Assembly approves amended Regional Policy Plan after public hearing; postponement motion fails
The Barnstable County Assembly of Delegates voted to adopt Proposed Ordinance 2025-13, an amendment to the county Regional Policy Plan (RPP), following a public hearing and floor debate on Nov. 19, 2025. The motion to postpone the vote until Dec. 3 was defeated, and the ordinance passed in a roll-call vote.

The hearing drew public comment focused on implementation and whether the RPP would be sufficient to achieve its stated vision. Chris Powicki of Brewster, speaking as a member of the Sierra Club's Cape Cod and Islands group, commended the Cape Cod Commission's outreach but warned the RPP alone would not deliver the plan's goals and urged the assembly to work with the commission on implementation over the coming five years. Stephen Buckley of Chatham urged the county to press for a regional perspective on the Cape Cod Bridges project, noting related federal and state environmental documents are extensive, "about 3,000 pages."

Executive Director Christie Sanatore of the Cape Cod Commission responded to questions about whether the Bridges program would be reviewed as a development of regional impact (DRI), saying the Bridges program "is not subject to development of regional impact review due to preemption by federal and state law" and that the commission would remain involved as an advisory and consulting party, including under Section 106 of the National Historic Preservation Act.

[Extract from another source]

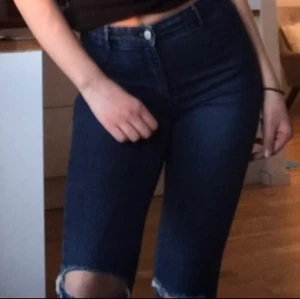 Zara jeans storlek S - Dem är använda ett fåtal gånger och är i mycket bra skick. Jeansen är supersköna och snygga. Man kan styla dem så snyggt. Men tyvärr är dem allt för stora för mig. Jag tror inte att det syns på bilden men det jag syftar på är att dem är för stora för mig i midjan.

On the floor, Delegate Green moved to postpone the vote until Dec. 3 so the public's hearing comments could be further considered. The motion to postpone was seconded but failed in a roll call. Assembly members debated statutory limits on amendments and the 45-day review trigger under the Cape Cod Commission Act, which restricts the assembly's procedural options to approving the plan as presented or referring it back to the commission for further work.

A subsequent roll-call vote to adopt the RPP recorded 14 members in favor, representing 98.44% of the county population, and one no vote from Delegate Green. The assembly approved the RPP as transmitted by the Cape Cod Commission; under the statute the assembly may either approve the plan or send it back with comments for further commission action.

The assembly closed the public hearing and moved on to other agenda items. Staff and commission leaders said they will continue work on implementation and tracking tools in the years ahead.

The assembly's adoption takes effect under the procedural timeline set by the Cape Cod Commission Act; any formal referral or further changes would require additional commission action and a renewed local review process.